Setelah bertahan selama beberapa bulan menghadapi serangan mematikan dari militer terhadap protes damai, warga sipil mulai meningkatkan perlawanan bersenjata sejak bulan Mei. Beberapa bergabung dengan kelompok etnis bersenjata yang sudah ada, sementara yang lain membentuk pasukan anti-kudeta baru.
Menurut Assistance Association for Political Prisoners, yang memantau situasi di Myanmar, setidaknya 1.382 orang telah tewas sejak kudeta pada 1 Februari.

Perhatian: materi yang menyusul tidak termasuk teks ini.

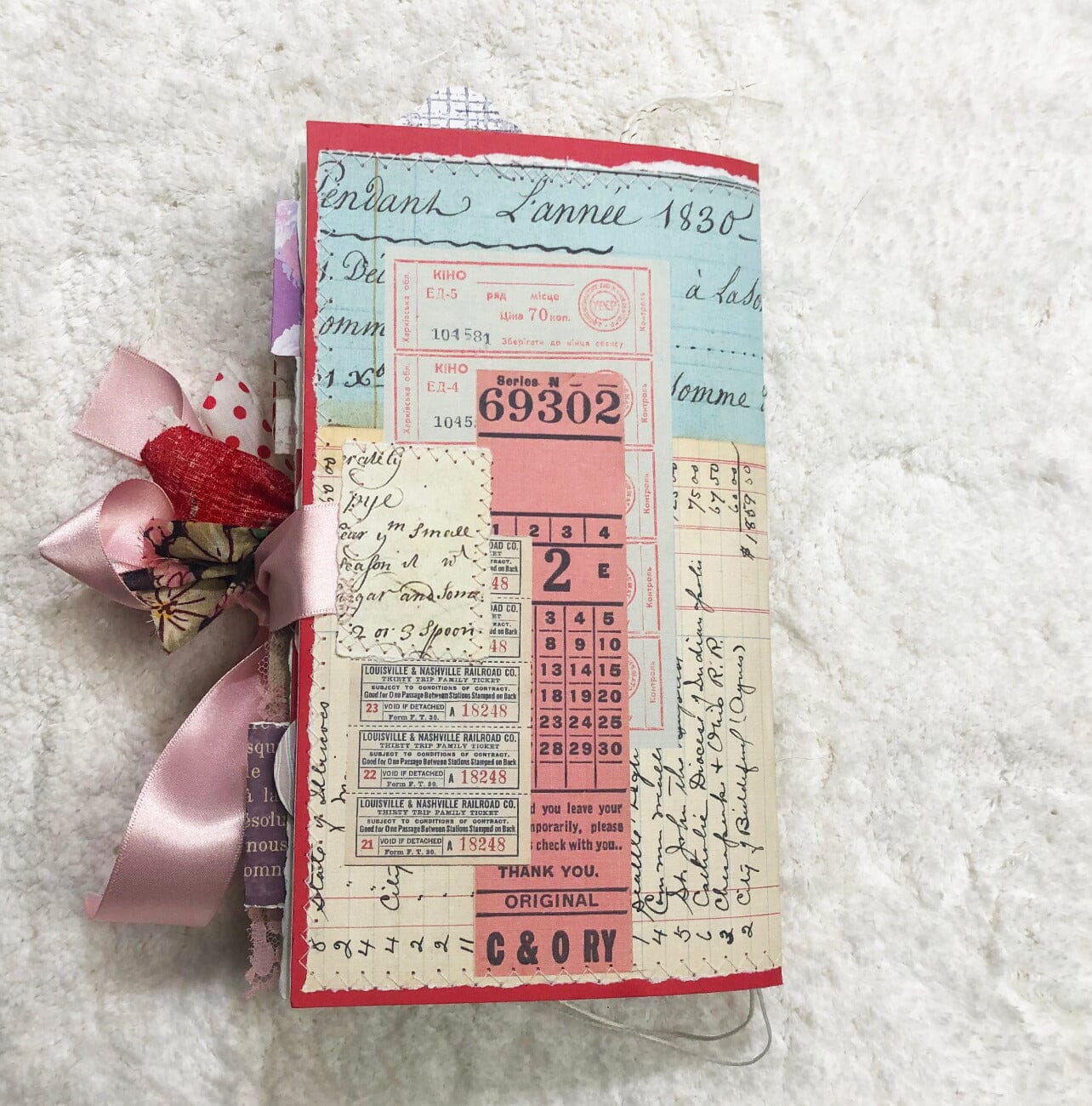 Whimsical Shabby Junk Journal- Pink and Blue with Polka Dots, Red Flowers and Lace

Lebih dari 11.200 pengunjuk rasa pro-demokrasi telah ditangkap dalam periode yang sama.
Di Negara Bagian Kayah dan wilayah tetangga di selatan Negara Bagian Shan, Pasukan Pertahanan Kewarganegaraan Karenni (KNDF), yang terdiri dari beberapa kelompok bersenjata baru, dan Tentara Karenni, sebuah organisasi pemberontak bersenjata etnis, telah menggunakan taktik perang non-tradisional dalam perlawanan mereka terhadap kekuatan militer.
Sebagai respons terhadap perlawanan bersenjata di seluruh negeri, termasuk di Kayah dan selatan Shan, militer melancarkan serangan udara, pembakaran, tembakan, dan penggunaan senjata secara sembrono pada komunitas, sambil menghalangi akses warga sipil ke kebutuhan pokok.
Mereka mengikuti strategi “four cuts” yang sudah mereka terapkan selama bertahun-tahun untuk menghancurkan basis dukungan kelompok bersenjata etnis.
Data yang dikumpulkan oleh Jaringan Masyarakat Sipil Karenni menunjukkan bahwa hingga 19 Desember, lebih dari 150.000 warga sipil telah mengungsi di sepanjang Negara Bagian Kayah dan distrik Pekon di selatan Negara Bagian Shan.